At temperatures ranging from 500–600 °C, the primary reactions observed are combustion and the cracking of macromolecular compounds. It is worth noting that this temperature range exceeds the decomposition temperature of hopane compounds, leaving only a portion of the oil sample after the reaction. At a temperature of 600 °C, the peak area ratio for C₂₁ and bisnorhopane in the product is 0.01, while that for naphthalene and bisnorhopane stands at 300.6. Compared to crude oil, there is a five-fold increase in the peak area ratio for naphthalene to bisnorhopane.

In contrast to the research conducted by Liao [19] and Pan [20] on the thermal reaction products of Liaohe crude oil, this study extends the discussion by proposing a relationship between variations in thermal reaction products content and temperature. This proposal is instrumental in effectively assessing the stages of thermal reactions experienced by oil produced through fire flooding.
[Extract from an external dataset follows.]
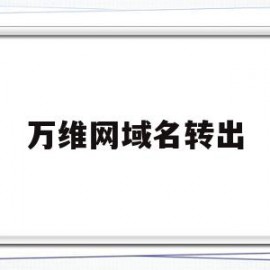 万维网域名转出(万维网域名转出方法)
3.5. Characterization of Thermal Reaction Products by High-Resolution Mass Spectrometry

GC–MS analysis of crude oil and thermal reaction products at different temperatures primarily reveals changes of light hydrocarbons. It is unable to characterize the compounds in the UCM (unresolved complex mixture) hump of the chromatogram. High-resolution mass spectrometry is unrestricted by the boiling points of compounds in crude oil and can achieve molecular composition analysis of petroleum samples.

Figure 4 shows the distribution of the double bond equivalent (DBE) of hydrocarbons, carbazoles, and carboxylic acids in crude oil and thermal oxidation products at different temperatures as a function of carbon number. The carbon number distribution of hydrocarbons and heteroatomic compounds in crude oil is up to C₆₀. Hydrocarbons mainly contain biomarker structures of C₄₀ carotenoids, steranes, and hopanes (near C₃₀). Carbazoles are neutral nitrogen compounds with DBE values of 9, 12, and 15. Carboxylic acids are alkanoic acids, naphthenic acids with 1–2 rings, steranoic acid, and hopanoic acid. As the temperature increases, all detected compounds show a trend of decreasing carbon numbers and increasing condensation degrees (higher DBE values).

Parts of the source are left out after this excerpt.